The data below holds a line containing "اسکرین شات برنامه Radiology CT Viewer 8" and a line containing "Kon Tum: Thân"; please quote exactly those two lines and every line between them, and nothing else.
══ Data shown
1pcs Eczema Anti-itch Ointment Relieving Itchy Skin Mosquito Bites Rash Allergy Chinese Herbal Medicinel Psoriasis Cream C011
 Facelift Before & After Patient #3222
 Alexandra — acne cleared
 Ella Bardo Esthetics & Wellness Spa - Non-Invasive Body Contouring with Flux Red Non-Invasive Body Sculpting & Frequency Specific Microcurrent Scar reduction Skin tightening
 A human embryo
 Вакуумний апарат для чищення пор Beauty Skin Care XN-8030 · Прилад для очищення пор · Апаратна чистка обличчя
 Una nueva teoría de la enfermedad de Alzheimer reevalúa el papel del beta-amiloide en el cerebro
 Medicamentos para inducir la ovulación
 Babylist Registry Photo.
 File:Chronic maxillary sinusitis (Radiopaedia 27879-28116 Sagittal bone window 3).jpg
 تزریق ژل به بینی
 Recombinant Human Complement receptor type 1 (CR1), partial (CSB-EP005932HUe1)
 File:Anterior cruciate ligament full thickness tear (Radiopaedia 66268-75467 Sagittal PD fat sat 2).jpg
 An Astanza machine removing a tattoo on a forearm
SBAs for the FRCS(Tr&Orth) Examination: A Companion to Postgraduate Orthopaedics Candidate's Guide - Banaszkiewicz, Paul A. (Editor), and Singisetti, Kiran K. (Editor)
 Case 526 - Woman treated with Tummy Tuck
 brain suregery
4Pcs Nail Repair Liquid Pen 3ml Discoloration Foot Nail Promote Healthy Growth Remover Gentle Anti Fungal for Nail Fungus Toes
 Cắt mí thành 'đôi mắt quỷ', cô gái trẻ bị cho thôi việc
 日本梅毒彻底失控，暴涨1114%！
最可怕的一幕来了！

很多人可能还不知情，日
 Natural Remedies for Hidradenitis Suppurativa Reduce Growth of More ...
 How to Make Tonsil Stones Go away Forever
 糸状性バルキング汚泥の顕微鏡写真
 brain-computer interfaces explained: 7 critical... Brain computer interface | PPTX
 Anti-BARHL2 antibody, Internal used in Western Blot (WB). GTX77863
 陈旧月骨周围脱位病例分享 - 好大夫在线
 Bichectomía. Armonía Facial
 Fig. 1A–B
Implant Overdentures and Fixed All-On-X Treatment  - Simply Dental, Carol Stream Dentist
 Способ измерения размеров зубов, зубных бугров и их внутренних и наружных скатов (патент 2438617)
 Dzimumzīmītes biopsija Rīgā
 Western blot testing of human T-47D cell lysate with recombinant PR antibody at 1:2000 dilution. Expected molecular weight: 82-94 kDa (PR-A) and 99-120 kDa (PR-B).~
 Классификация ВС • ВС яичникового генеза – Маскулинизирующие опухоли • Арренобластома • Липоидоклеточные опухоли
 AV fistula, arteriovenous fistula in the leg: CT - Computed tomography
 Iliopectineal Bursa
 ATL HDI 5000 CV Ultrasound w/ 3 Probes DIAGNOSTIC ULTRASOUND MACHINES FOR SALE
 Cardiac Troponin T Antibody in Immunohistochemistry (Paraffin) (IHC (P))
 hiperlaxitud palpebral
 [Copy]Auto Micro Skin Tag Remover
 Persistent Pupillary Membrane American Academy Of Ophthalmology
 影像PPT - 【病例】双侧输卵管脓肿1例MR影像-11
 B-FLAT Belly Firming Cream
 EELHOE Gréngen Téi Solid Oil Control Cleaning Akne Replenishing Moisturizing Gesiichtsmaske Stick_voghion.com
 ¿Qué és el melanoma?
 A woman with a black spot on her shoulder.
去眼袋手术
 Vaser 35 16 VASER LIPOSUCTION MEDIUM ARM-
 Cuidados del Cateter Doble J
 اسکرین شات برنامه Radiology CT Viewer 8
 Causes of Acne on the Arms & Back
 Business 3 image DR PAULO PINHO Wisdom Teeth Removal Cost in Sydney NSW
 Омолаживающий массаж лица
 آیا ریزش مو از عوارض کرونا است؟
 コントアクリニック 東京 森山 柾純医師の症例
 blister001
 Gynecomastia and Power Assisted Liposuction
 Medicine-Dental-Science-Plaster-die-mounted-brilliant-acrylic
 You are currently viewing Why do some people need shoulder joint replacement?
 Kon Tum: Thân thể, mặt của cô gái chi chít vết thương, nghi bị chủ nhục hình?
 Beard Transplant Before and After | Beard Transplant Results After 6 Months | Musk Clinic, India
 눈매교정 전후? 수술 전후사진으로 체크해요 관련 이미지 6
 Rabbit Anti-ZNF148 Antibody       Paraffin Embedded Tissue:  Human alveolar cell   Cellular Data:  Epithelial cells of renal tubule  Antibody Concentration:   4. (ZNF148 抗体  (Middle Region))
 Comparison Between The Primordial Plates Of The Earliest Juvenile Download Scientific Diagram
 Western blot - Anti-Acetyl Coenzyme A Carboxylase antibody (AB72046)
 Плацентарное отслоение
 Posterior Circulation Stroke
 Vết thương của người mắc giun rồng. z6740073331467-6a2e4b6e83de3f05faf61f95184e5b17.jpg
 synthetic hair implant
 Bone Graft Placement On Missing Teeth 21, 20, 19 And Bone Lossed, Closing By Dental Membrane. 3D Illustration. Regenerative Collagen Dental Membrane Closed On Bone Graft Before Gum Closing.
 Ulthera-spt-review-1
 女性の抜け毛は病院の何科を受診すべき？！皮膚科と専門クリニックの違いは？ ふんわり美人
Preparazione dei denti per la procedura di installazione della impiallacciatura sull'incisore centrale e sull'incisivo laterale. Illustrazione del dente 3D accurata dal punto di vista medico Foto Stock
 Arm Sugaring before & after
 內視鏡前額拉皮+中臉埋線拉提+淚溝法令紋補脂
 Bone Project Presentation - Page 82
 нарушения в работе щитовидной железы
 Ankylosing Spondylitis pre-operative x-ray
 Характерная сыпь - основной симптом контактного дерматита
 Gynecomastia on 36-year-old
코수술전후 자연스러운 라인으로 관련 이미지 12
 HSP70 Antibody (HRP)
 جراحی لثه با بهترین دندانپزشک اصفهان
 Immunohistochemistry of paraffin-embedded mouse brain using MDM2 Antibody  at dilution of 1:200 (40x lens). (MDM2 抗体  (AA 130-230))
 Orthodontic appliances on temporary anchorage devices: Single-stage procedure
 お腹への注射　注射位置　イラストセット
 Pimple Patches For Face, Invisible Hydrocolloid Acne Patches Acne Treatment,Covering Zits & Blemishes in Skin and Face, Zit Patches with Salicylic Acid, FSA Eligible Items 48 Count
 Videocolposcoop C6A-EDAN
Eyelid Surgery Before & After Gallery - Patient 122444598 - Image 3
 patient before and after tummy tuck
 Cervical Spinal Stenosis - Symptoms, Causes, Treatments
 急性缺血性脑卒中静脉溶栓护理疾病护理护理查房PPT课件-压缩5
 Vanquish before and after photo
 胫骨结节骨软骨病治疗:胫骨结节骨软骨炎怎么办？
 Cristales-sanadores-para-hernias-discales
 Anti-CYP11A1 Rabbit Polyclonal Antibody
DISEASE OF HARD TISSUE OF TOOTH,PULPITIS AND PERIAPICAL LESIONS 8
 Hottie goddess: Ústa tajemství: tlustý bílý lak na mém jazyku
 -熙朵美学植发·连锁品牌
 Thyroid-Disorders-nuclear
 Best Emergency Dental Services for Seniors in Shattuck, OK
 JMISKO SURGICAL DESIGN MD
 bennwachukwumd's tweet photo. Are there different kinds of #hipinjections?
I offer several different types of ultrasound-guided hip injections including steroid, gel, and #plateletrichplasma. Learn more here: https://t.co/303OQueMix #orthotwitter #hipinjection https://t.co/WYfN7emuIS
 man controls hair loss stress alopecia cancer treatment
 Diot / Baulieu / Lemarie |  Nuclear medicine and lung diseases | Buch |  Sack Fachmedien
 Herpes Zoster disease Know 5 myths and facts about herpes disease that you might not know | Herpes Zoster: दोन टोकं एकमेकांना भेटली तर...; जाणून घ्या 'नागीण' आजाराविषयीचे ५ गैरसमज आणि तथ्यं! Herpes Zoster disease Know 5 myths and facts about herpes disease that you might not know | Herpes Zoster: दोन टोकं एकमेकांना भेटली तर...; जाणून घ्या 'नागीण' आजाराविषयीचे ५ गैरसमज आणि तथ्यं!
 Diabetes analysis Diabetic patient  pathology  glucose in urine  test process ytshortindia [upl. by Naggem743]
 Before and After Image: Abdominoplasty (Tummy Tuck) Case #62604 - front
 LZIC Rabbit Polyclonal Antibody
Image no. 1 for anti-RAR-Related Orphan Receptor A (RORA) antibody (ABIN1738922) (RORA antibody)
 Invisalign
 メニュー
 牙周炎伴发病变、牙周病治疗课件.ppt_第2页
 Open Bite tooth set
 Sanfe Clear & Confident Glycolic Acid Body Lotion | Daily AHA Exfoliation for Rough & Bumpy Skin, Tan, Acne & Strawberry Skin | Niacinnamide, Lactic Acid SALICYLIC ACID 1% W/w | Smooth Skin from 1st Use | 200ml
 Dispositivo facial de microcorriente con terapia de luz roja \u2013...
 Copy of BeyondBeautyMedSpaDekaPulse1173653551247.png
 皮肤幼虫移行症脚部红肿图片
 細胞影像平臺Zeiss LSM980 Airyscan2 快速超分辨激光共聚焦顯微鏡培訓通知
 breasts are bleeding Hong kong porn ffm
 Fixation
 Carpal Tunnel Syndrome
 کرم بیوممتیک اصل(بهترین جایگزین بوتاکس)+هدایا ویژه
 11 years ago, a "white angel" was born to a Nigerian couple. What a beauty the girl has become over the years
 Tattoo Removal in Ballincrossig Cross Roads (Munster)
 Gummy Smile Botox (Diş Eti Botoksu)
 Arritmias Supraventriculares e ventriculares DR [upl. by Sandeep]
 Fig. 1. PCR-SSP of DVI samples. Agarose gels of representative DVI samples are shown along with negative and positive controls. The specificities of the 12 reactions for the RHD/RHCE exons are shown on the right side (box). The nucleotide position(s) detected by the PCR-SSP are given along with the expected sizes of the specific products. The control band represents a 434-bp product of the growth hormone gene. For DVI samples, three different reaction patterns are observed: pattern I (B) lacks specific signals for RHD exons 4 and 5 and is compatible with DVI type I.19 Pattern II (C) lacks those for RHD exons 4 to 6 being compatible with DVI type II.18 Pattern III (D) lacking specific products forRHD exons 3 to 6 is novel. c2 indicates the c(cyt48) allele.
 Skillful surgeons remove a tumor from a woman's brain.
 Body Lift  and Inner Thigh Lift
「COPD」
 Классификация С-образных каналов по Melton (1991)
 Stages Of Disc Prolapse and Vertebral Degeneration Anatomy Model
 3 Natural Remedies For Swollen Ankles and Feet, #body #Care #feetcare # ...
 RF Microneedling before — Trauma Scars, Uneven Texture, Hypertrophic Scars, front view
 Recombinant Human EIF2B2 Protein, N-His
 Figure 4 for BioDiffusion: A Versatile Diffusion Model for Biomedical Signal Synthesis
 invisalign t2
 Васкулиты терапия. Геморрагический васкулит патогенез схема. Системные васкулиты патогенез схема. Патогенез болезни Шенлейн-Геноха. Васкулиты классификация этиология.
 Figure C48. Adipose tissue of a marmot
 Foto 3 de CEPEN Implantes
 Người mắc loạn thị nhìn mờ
════
### Response to this exercise
 اسکرین شات برنامه Radiology CT Viewer 8
 Causes of Acne on the Arms & Back
 Business 3 image DR PAULO PINHO Wisdom Teeth Removal Cost in Sydney NSW
 Омолаживающий массаж лица
 آیا ریزش مو از عوارض کرونا است؟
 コントアクリニック 東京 森山 柾純医師の症例
 blister001
 Gynecomastia and Power Assisted Liposuction
 Medicine-Dental-Science-Plaster-die-mounted-brilliant-acrylic
 You are currently viewing Why do some people need shoulder joint replacement?
 Kon Tum: Thân thể, mặt của cô gái chi chít vết thương, nghi bị chủ nhục hình?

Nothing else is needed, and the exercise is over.